They then treated the women with a combination of Herceptin and the chemotherapy drug Navelbine weekly for 12 weeks. Although this is not the first study to test Herceptin use before surgery, it is the first to examine the use of Navelbine, a drug approved for lung cancer treatment, in combination with Herceptin to treat HER2-positive tumors. "We were motivated to use Navelbine because we found it has few side effects when used to treat metastatic breast cancer," said Harris, who conducted much of the research study at Harvard before moving to Yale.
After treatment, the tumors were surgically removed and gene chips were again used to examine RNA transcription -- making these investigators the first to use such a technique on Herceptin treated tumors. "This kind of profiling has been done to look at response to chemotherapy drugs, but not at Herceptin resistance," Harris said.
The researchers then divided tumors into groups depending on how well they responded to therapy, and examined the baseline and post-therapy RNA profiles to find genes that were more commonly expressed in Herceptin sensitive and Herceptin resistant tumors.
They first found that some single gene markers, such as HER2 and ER (estrogen receptor), did not change in the majority of tumors. "That tells us that the cancer cells are still creating HER2 surface proteins even as Herceptin is being used, and that means HER2 loss does not appear to be a mechanism of resistance in early stage breast cancer," Harris said.
Then, using multigene chips, the researchers derived a bevy of transcribed genes that likely play a role in Herceptin resistance. Some, such as IGF-1R, were suspected, because this protein is frequently over-expressed in breast tumors, Harris says, but others were not. For example, non-responding tumors were more likely to express genes associated with basal-like breast cancer, which the researchers found to be surprising. "Most basal-like tumors are HER2-negative," Harris said.
Herceptin resistant tumors were also more likely to express a variety of growth factors, suggesting that "activation of parallel pathways may release tumors from dependence on HER2 proliferation and survival," she said.

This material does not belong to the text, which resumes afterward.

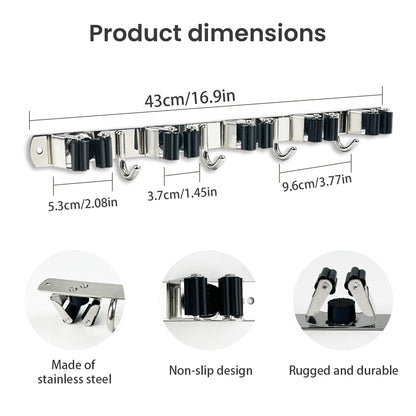 4-Hook Adhesive Broom & Mop Wall Organizer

Although the study was not designed to look at outcome, the researchers determined that 42 of 48 patients had a clinical response (16 complete responses and 26 partial responses) from the neoadjuvant treatment, and five patients experienced cardiotoxicity. After a median 2.6-year-follow-up, three of 48 patients relapsed and one died of her disease.
The study was funded by the National Cancer Institute's SPORE grant to the Dana-Farber/Harvard Cancer Center and the Department of Defense Clinical Translational Research Award granted to Dr. Harris in 2003.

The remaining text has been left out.